Keeping up with multiple, high traffic, mailing lists can be a fool's errand. Machine learning and automatic text classification have for many years promised a better solution to this problem. This project seeks to put that promise to the test, by building a custom model of emails of interest to a particular user.

In the long run, this can be turned into a multi-user website incorporating not only a trained model, but also hard constraints (show all messages that mention a particular person or project), plus thread-pattern-based filtering (see Joey's famous blog post referenced below).

In the future, this can be part of a personalized information dashboard incorporating RSS feeds, tweeter feeds and user activities via http://zeitgeist-project.com/ (and others). While the focus here is in 100% in mailing list, I do so want to live in such future!

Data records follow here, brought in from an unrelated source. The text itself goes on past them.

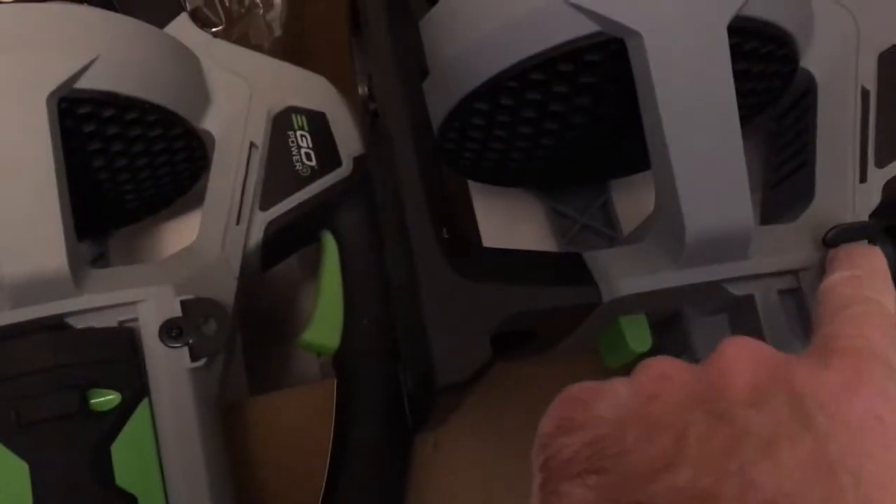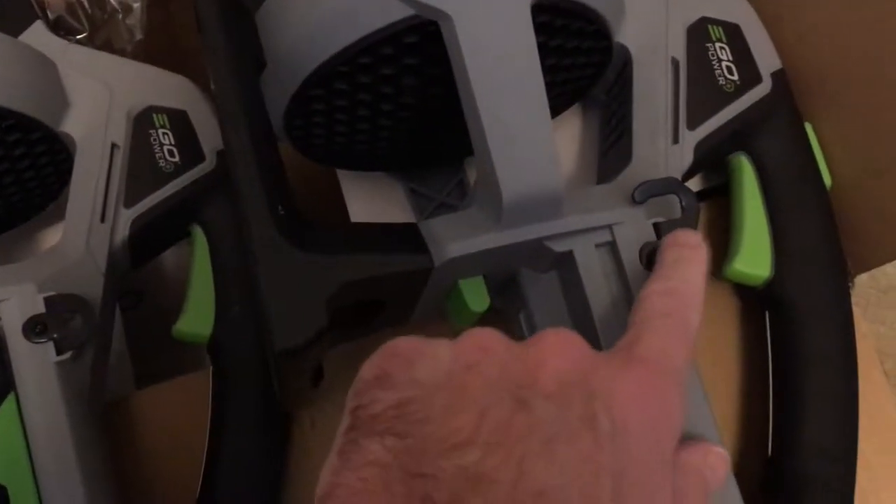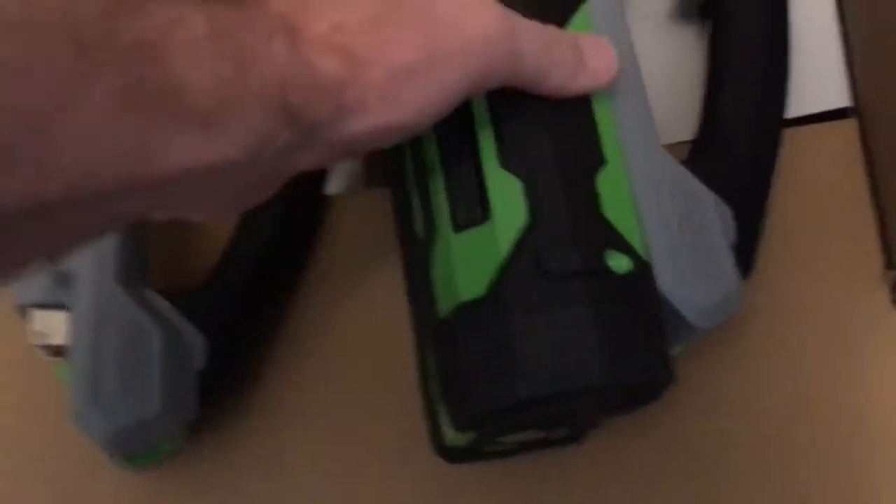Here's my replacement. This little hook here looks different on this one — I think that's for like a shoulder strap or something. They sent me a bare tool, which makes sense — they're obviously not going to send me a new battery. My battery wasn't bad. I have multiple EGO tools so I know the battery is good.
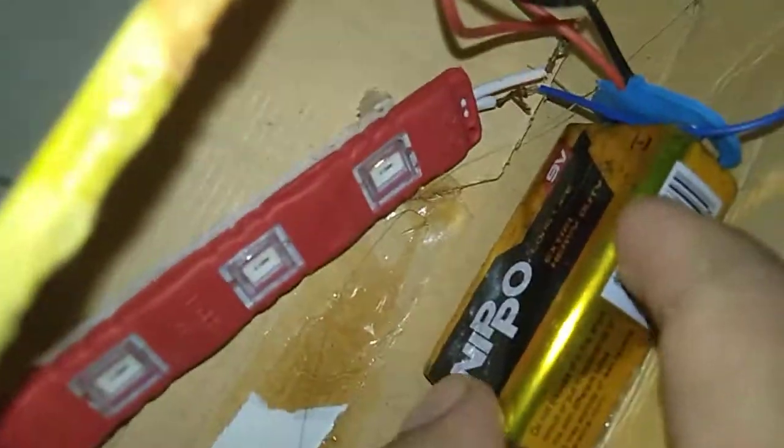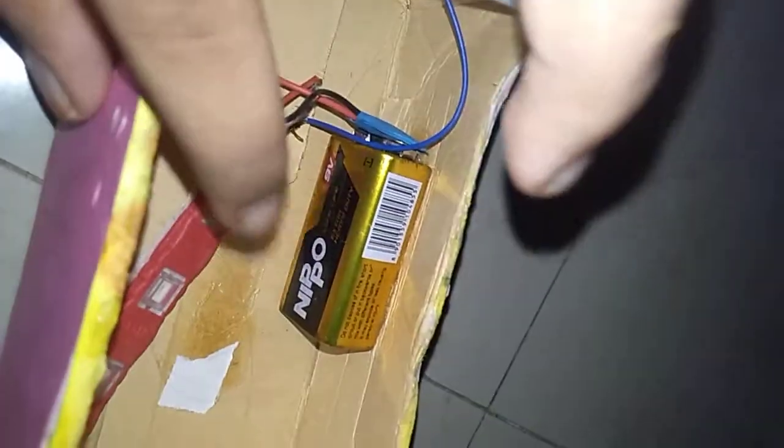Hi guys, welcome to my channel! Today we are gonna see a magical light - a magical flower that glows. So first, I have a light and I attached it to the battery with wires, and also attached a switch on and off.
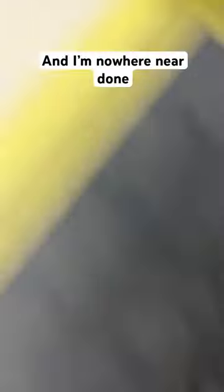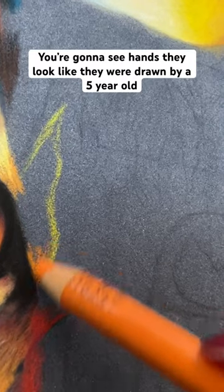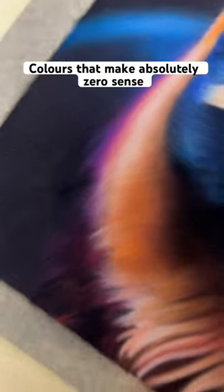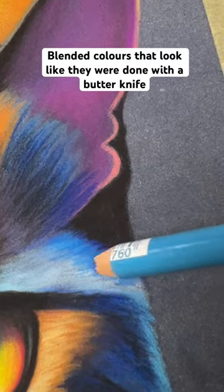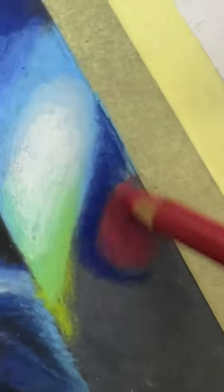If you see an artist working on a piece and I'm nowhere near done, please don't come up — because you're gonna see hands that look like they were drawn by a five-year-old, colors that make absolutely zero sense, blended colors that look like they were done with a butter knife, and I'm gonna break into a panic and have to awkwardly explain... No, no!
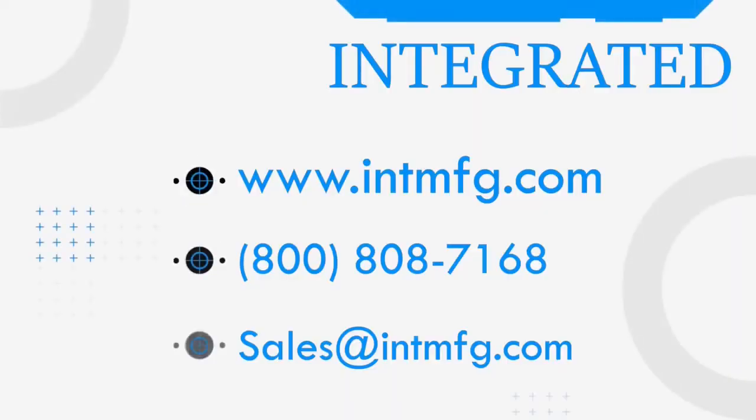If you have additional questions, you can reach out to us at 800-808-7168 or you can email us at sales@intmfg.com.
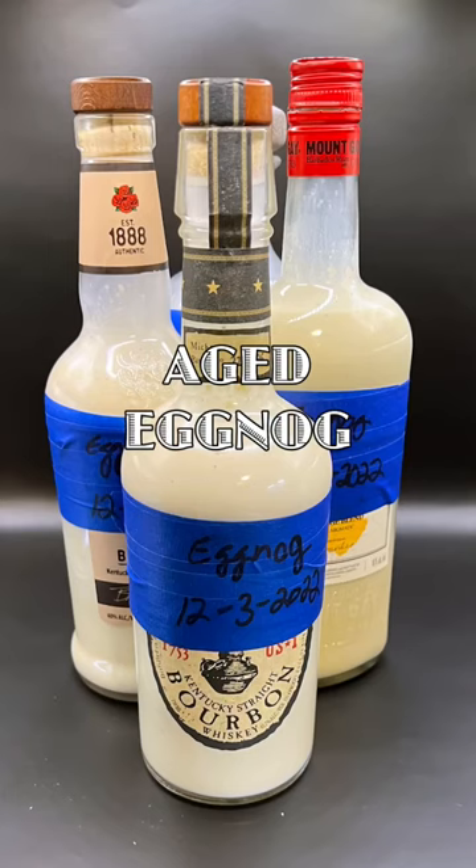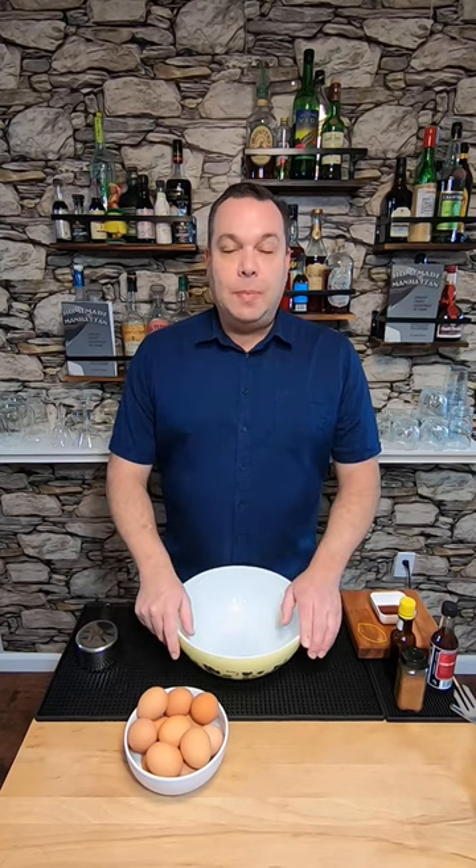Hey everybody, let's make a batch of aged eggnog. Aged eggnog is easy. You can drink it right now, it gets better with age — it can keep for a year, but you're gonna drink it way before then. Let's make it.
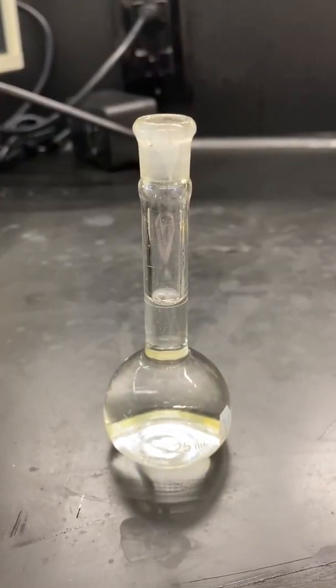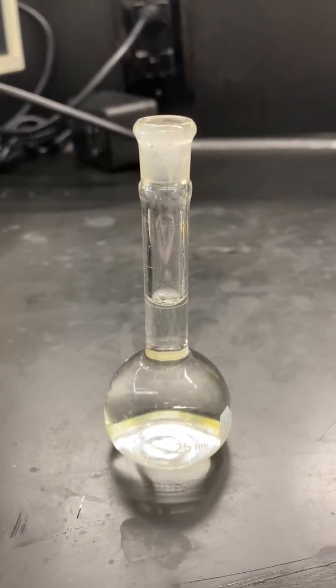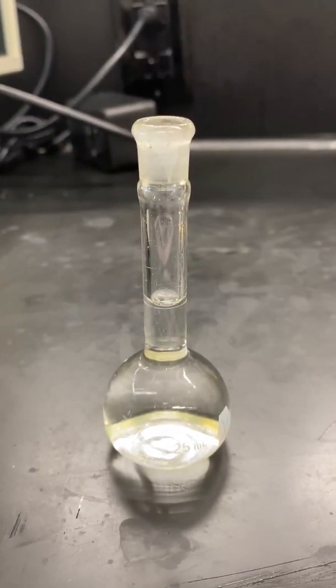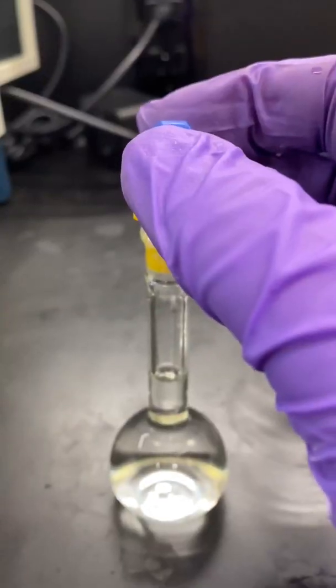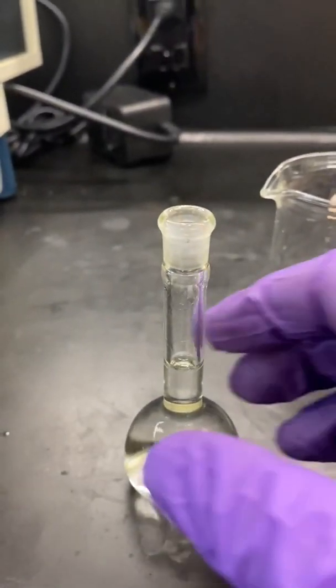Fill the 25-milliliter volumetric flask to the mark using distilled water. Then cap it and invert several times to make sure it's evenly mixed. This solution is referred to as Stock 1.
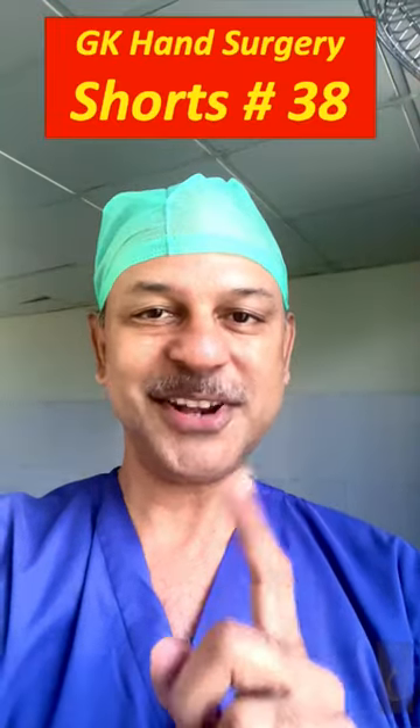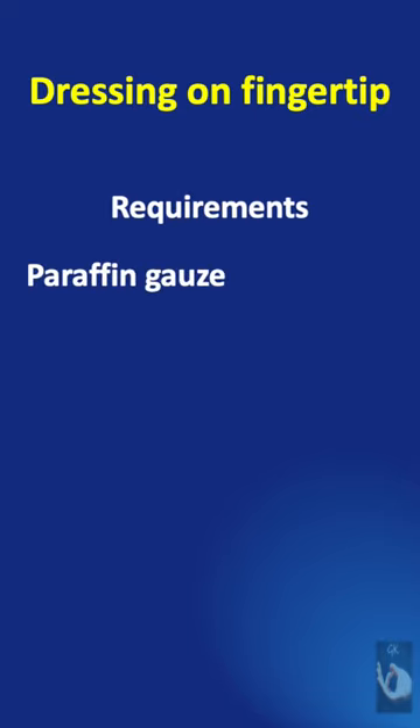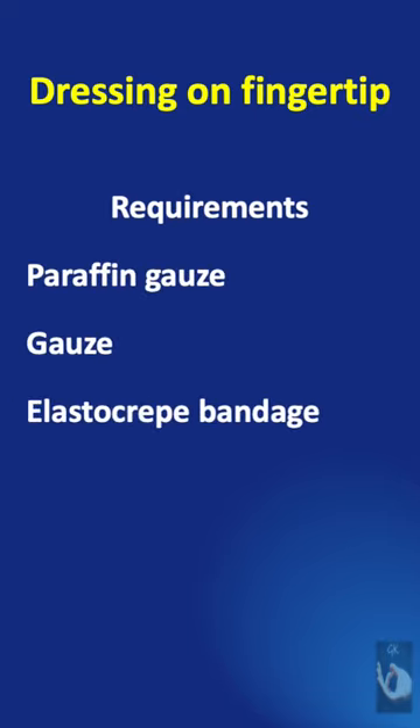Learning hand surgery one point at a time. To do a dressing on a fingertip we need paraffin gauze, a regular gauze, an elastocrat bandage 1 inch by 6 inches, and a 1 inch micropore plaster.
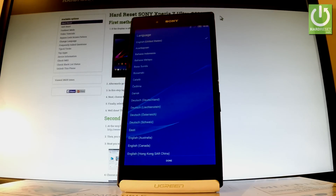Excellent. As you can see the welcome screen just pops up, so it means that the hard reset is done. Now you can start to easily activate your phone.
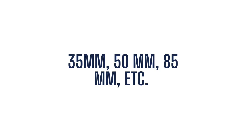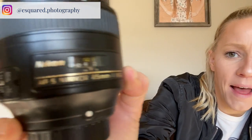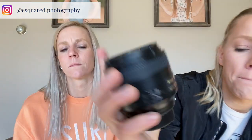This lens worked, but we needed to upgrade. So let's talk about what do those numbers — 18 to 55, 50, 35 millimeter, 85 millimeter — you've heard all of them. Let's talk about what those mean. So Emily is holding what? I'm holding the 85 millimeter, and you can tell what the lens is — it says right on there 85 millimeter.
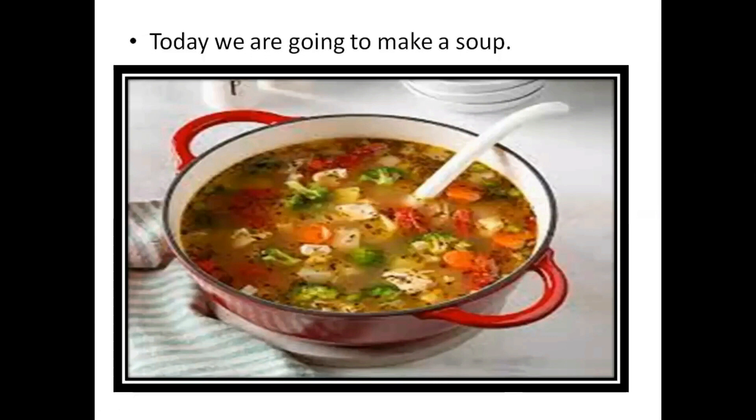So if you don't like to eat vegetables, at least you have to eat vegetable soup. So today we are going to make a soup. Can you see the soup here? It smells good. It looks very tasty. Can you feel the smell? Let's see what we need to make the soup.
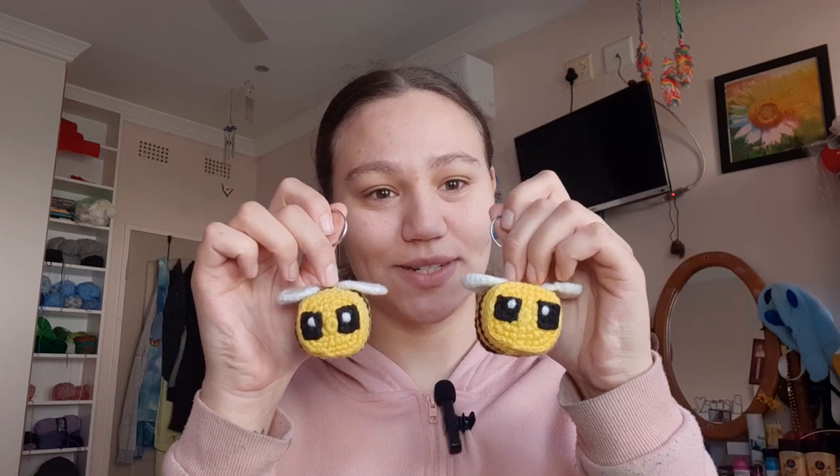Hi everyone, it's Tasman here from Tasman's Crochet Creations and for today's tutorial I'll be showing you how to crochet these cute little Minecraft bees.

See a demo and consider joining the SourceForge project.

Version 0

This a first version to get things moving and start collecting training material.

  • Single user
  • Backend code in perl
  • Using re-purposed spam detection technology.
  • Gmane for showing the message (Gmane doesn't track all the mailing lists I follow)
  • SQLite3 backend
  • AJAX front-end written in Scala and NextApp Echo3

Details

  • An existing trainable spam classifier, trained once a week per mailing list.
  • A mailing list model, trained time of the day and number of interesting messages left not for version 0
  • An existing ML mixing the different scores, retrained every time a new email is classified. not for version 0
  • A rule engine, with rules written in Perl

Possible software to use

References

  • Text Classification from Labeled and Unlabeled Documents using EM by Kamal Nigam, Andrew McCallum, Sebastian Thrun and Tom Mitchel. Machine Learning , 1–34 (1999)
  • Experience with Rule Induction and k-Nearest Neighbor Methods for Interface Agents that Learn, by Terry R. Payne, Peter Edwards, and Claire L. Green. IEEE TRANSACTIONS ON KNOWLEDGE AND DATA ENGINEERING, VOL. 9, NO. 2, MARCH-APRIL 1997.